At the other extreme are RV owners who avoid campgrounds altogether, preferring to camp without services such as electric, water, and sewer hookups. For some, this is so they can stay at remote wilderness sites (“dry camping” or “boondocking”). Small motorhomes are particularly well-suited for this since they are maneuverable on smaller roads and are self-sufficient, at least for a few days. But dry camping is much more common among RVers who are just looking for a one-night stopover and don’t want to spend money on a campground. There are even websites and smartphone apps that help you locate free RV parking sites, such as Walmart parking lots. I understand the economics and convenience of that choice, but I confess that camping in a commercial parking lot is probably the very last thing I would want to do with my vacation time.
Regardless of our destination or our length of stay, our goals for identifying a suitable campsite have been focused on three main criteria:
Overall, we think of our motorhome as a mechanism to get somewhere interesting and to serve as a basecamp for exploration and activities; we don’t need the campground itself to provide entertainment. The best campground for us serves as both a getaway and a gateway, located within a short distance of the experiences we are seeking.

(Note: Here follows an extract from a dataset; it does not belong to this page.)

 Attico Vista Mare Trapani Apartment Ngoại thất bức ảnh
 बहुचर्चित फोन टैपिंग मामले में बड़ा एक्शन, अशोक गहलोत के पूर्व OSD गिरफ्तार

Which brings us back to that ideal campground I mentioned at the beginning: Just north of Asheville, North Carolina, is Campfire Lodgings, a small private RV campground located on a mountain ridge. We stayed at one of the “premium” campsites, which are all situated with unobstructed views of the Blue Ridge Mountains. Depending on whether you choose sites with that view or sites with more trees and shade, the cost is $45-65 per night. The campground is well-maintained by an attentive staff and includes cabins, yurts, hiking trails, a laundry facility, and clean private bathrooms/showers. It’s just a short drive to the great food and music and art galleries in downtown Asheville, the gem of western North Carolina. Perhaps it’s a mistake to tell anyone about Campfire Lodgings, since I don’t want it to get too crowded; assuming it doesn’t, we’ll definitely be back.